I don’t use the Dolphin search bar at all what I can tell you is that with FSearch you get the results as quick as you type in the request then with the results just left click and the file (text or image) will open in your preferred software if you right click gets a quite good mini menu copy as, trash and properties are some of the right click.
The reason for not using Dolphin/Baloo is baloo kept throwing up errors in it’s status reports.
Try FSearch it’s affordable, fast and the searches are configurable in preferences - database.
Indexing ‘/’ means you will be indexing a lot more than what you need, and the file indexer will error often because it won’t have access to many directories in there.
This is essentially a waste of resource and recipe for problems.
No don’t do it. As often, there is a reason the defaults are what they are.
What you want here is to add the mount point of your NTFS drive as an indexed directory, aka the your drive path. That would be for instance /home/media/$USER/sdb1.
This is true for Plasma-'s baloo and also other file indexers as well.
Considering that I see no results in dolphin when baloo is inactive regardless of my system possessing a multitude of BTRFS snapshots, I doubt that they are contributing to any relevant filesystem index.
I don’t know what you’re referring to here. Every system contains logs, and I have no external drives connected to my PC, much less any direct connections to any servers on my LAN. Why do mention this regardless?
I don’t want to index solely $HOME, /etc, and /usr, though. I want everything (except /tmp).
I believe that kfind provides the same. Unfortunately, unless it provides some incredible functionality that I didn’t realize I needed, it’ll only be as useful as kfind currently is to me. I am thankful, though.
I don’t use NTFS. I only use BTRFS (and occasionally exFAT for Android, Windows, and macOS interoperability, albeit not currently). Consequently, I don’t know what you’re referring to.
Surely it is designed to ignore directories that it is unable to access? I can’t see that being particularly problematic.
I want to be able to search for system files across the HFS hierarchy. In windows, I used to index my C:/ (and all other drives, albeit individually to the non-abstracted filesystem hierarchy). I do, however, want to exclude /tmp due to it being purely temporary and thus not a useful usage of CPU.
I had no issues with this, allowing myself to be able to access system files quickly. Being able to access such files is the purpose of me doing this.
I felt a need to look up about this and seems to be A Thing in Micro$ fair enough do it in M$
This is Linux get out of M$ thinking, please.

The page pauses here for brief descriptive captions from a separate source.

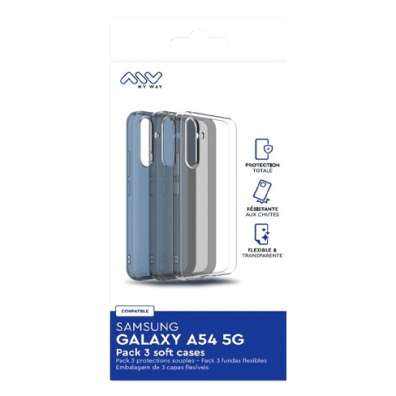 Samsung Galaxy A54 5G Pack 3 Soft Cover By My Way Transparent | BITĖ 2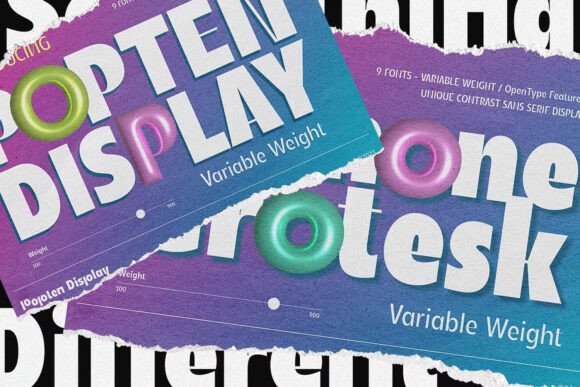 Popten Display Font PNG with transparent background - Preview 5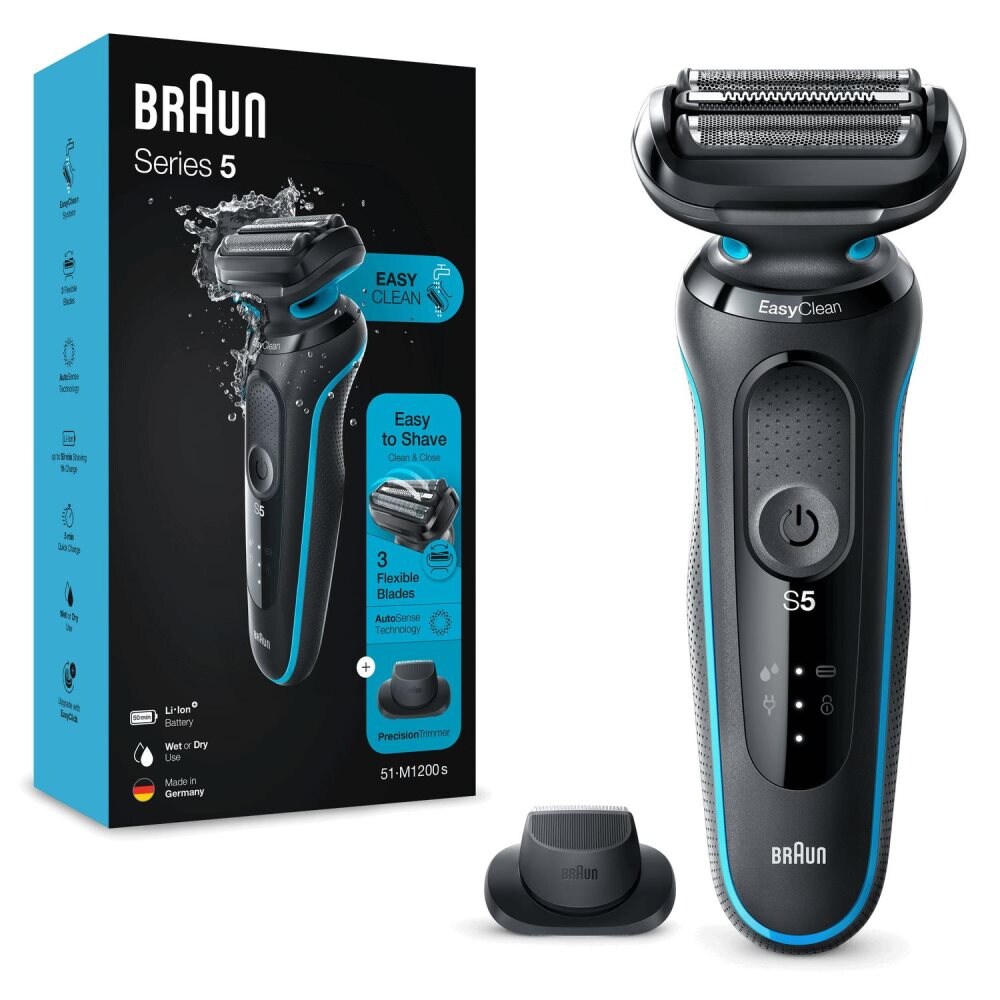 Braun Series 5 51-M1200s Rasierer/Trimmer, Schwarz, Blau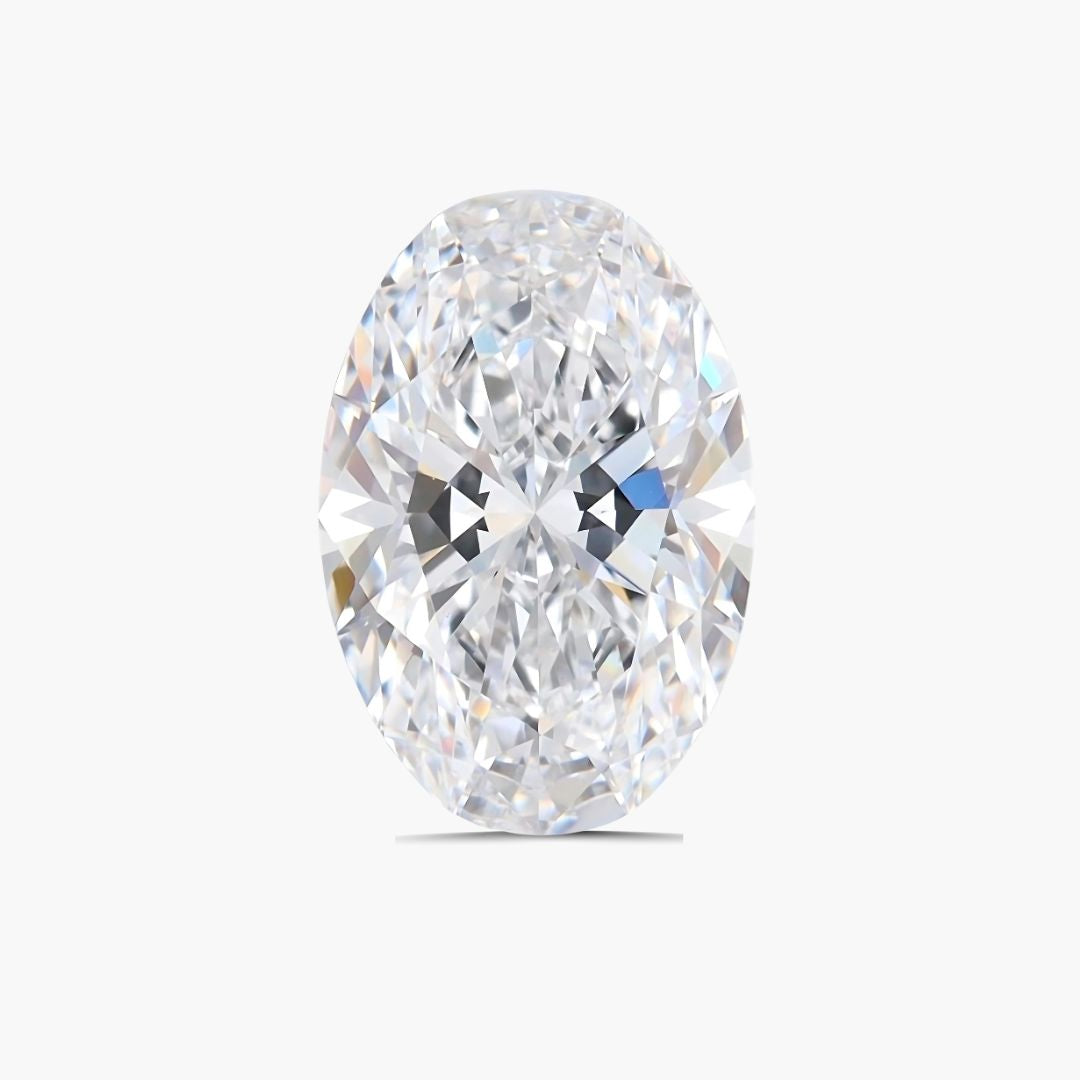 2.46 carats Oval E VS1 Color Lab Diamond | IGI Certified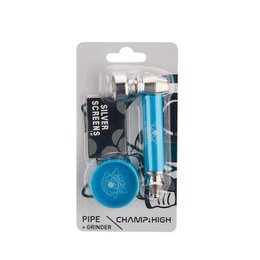 Présentoir de 12 set pipe en métal et mini moulin à épices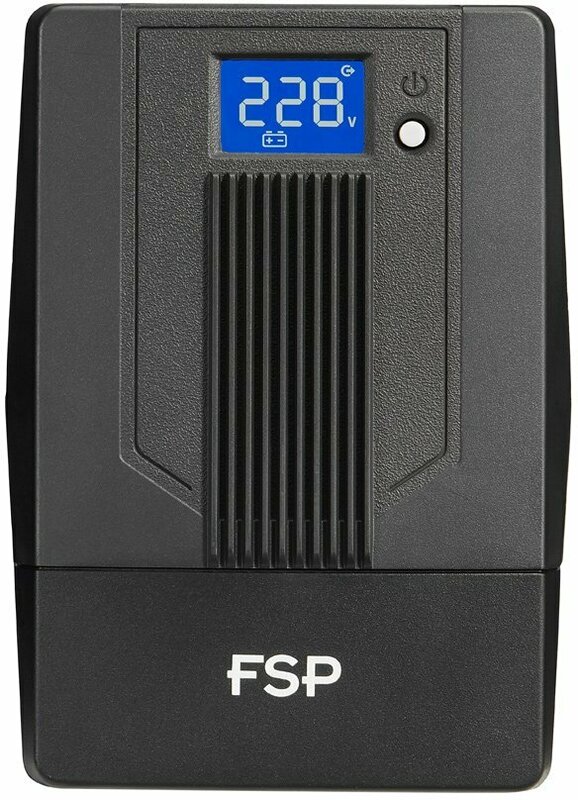 ДБЖ FSP iFP650, 650VA/360W, LCD, USB, 2xSchuko PPF3602800 фото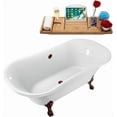 thumbnail image 2 of 68" Streamline N861ORB-ORB Clawfoot Tub and Tray With External Drain, 2 of 7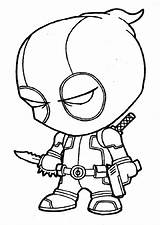 Deadpool Coloring Pages Chibi Cute Printable Kids Sitting Clipartmag Library Clipart Popular sketch template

The only need to go into the file system is IF you are are creating some new wow item for Linux other than that, honestly I’m very puzzled why anyone would venture in to there.
Indexing the root file system is a big no no no, NO unless you want to brick you Linux install
I"m very puzzled to what you seek in there (- Please answer at least this Q -)

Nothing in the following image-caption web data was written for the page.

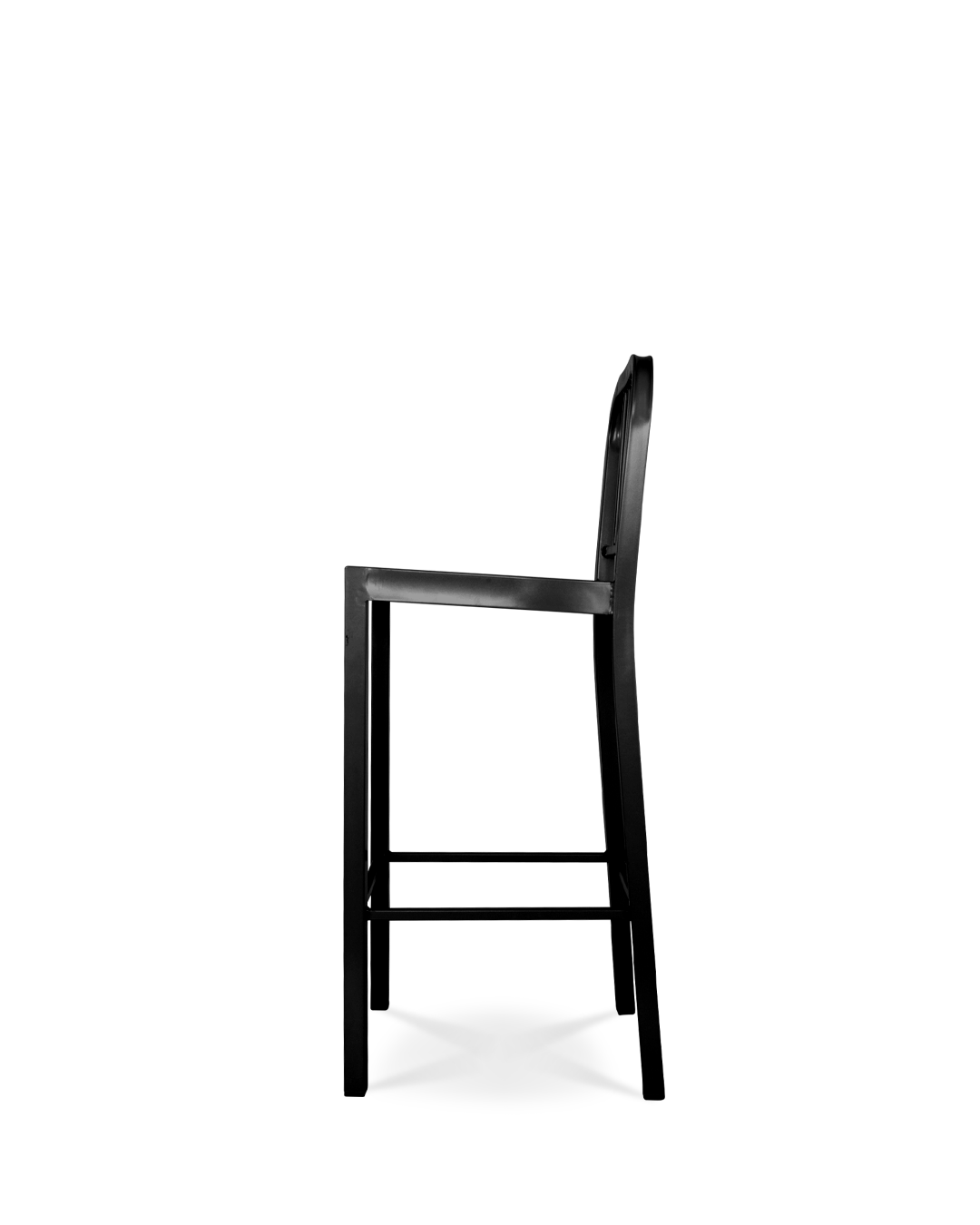 Navy Bar Stool Black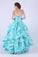 2022 A Line Sweetheart Prom Dresses Organza With Applique And Beads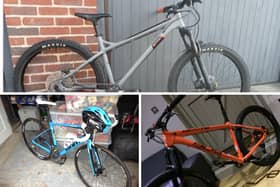 Multiple bikes have been stolen from two properties in Fareham.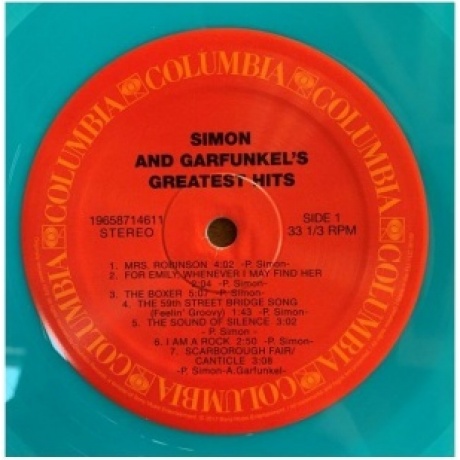 Simon &amp; Garfunkel, Greatest Hits (coloured) (0196587146115) виниловая пластинка - фото 3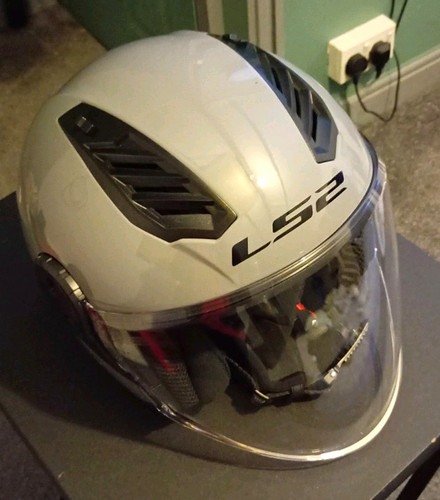 Motorcycle half helmet - half, dual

What are you looking for ?
I thought you were looking for specific item
Have you ever considered Htop
This is where you completely let yourself down, be kind to yourself.

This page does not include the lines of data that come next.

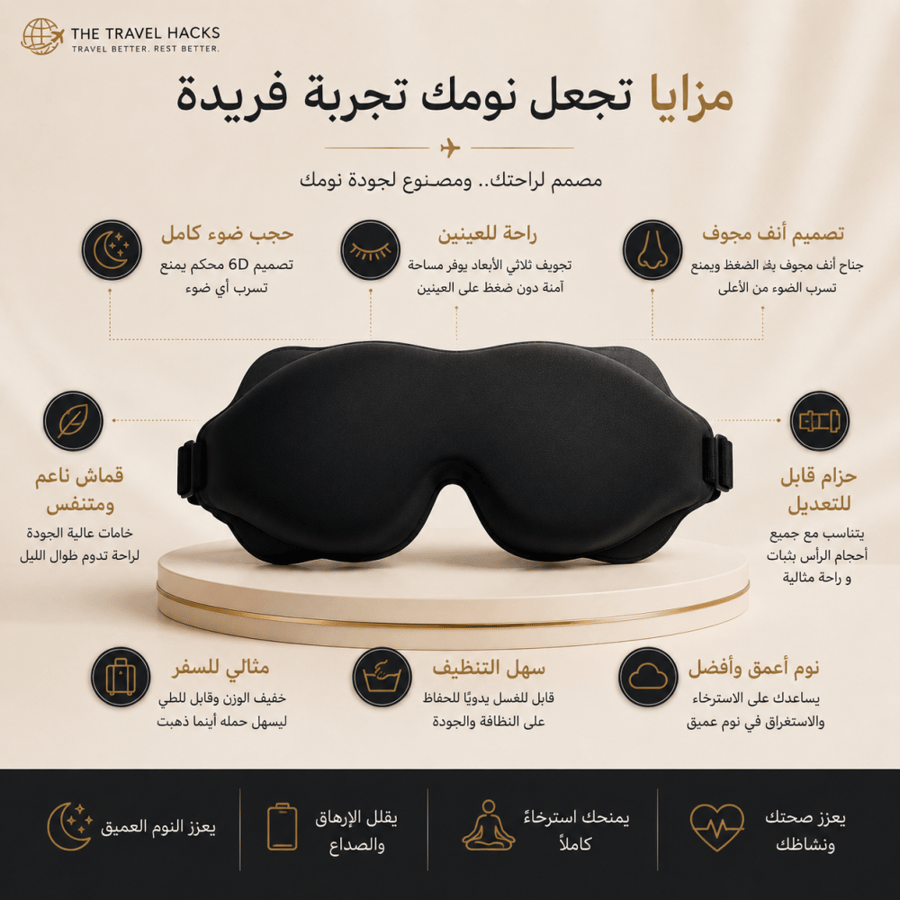 قناع الراحة والنوم العميق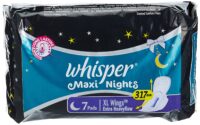 Whisper Maxi Night 7 Pads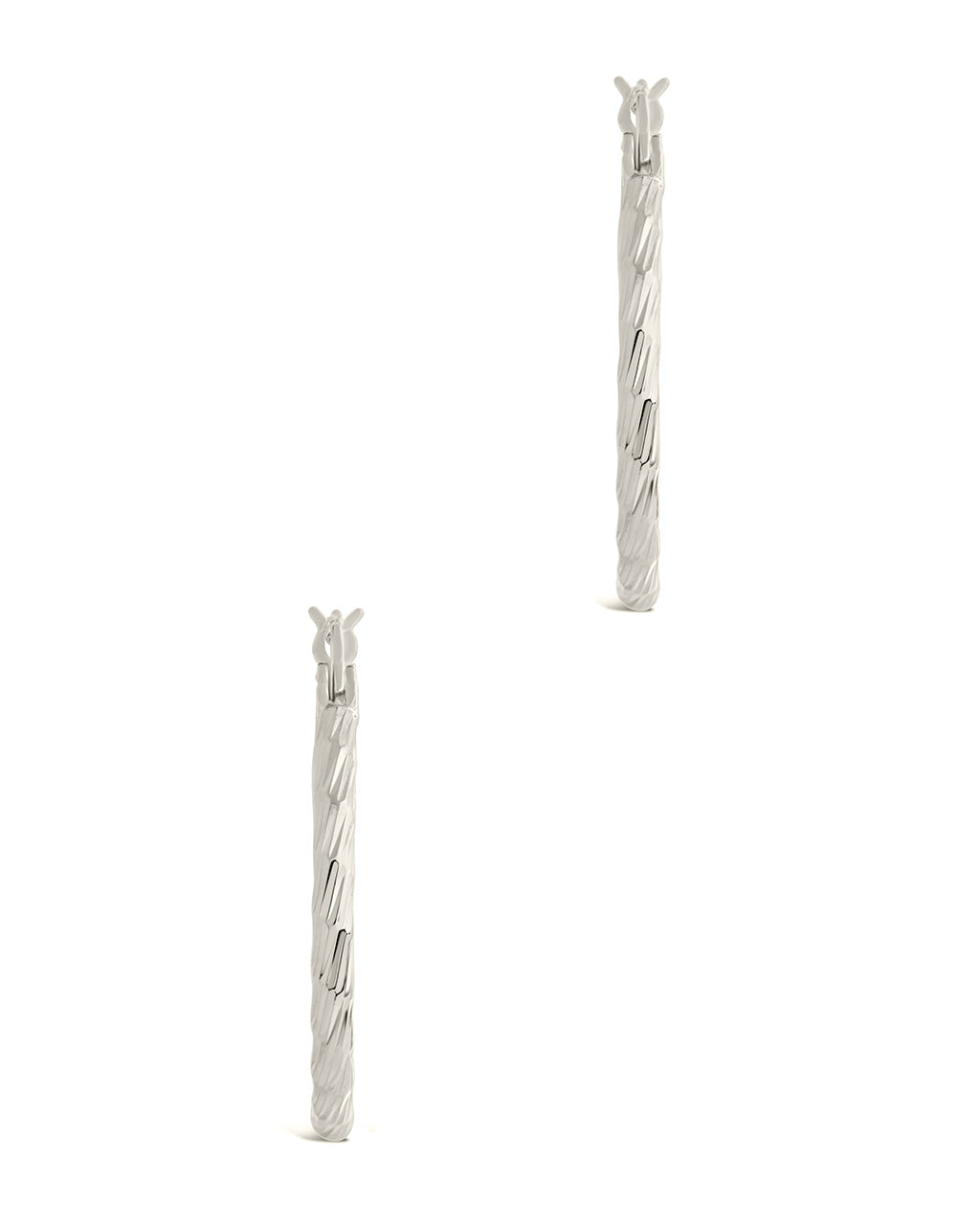 Anita Textured Hoop Earrings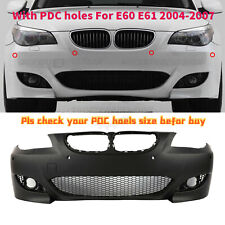 M5 Style Bumper Cover Kit For BMW E60 E61 525i 530i 550i With PDC Holes 2004-07 picture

give FSearch a try, did not install and use nah,
so how can you realize it’s uses if you don’t try it Hmm ?
no attempt to use it in you own way so how can anyone tell you how to find what you are looking for when you do not advise anyone about your what you searches are for ?.
This is why the answers given to your problem don’t help the way you would like,
you need to take heed when developers and other members of this community
advise you not to do !
I’m at a loss, keeping your cards (info) close to your chest will impede anyone trying to help
read the previous advice, solid advice
DO NOT index root unless you want to break it !
At first I had the idea that you were looking for specific item not for random playtime in the engine room.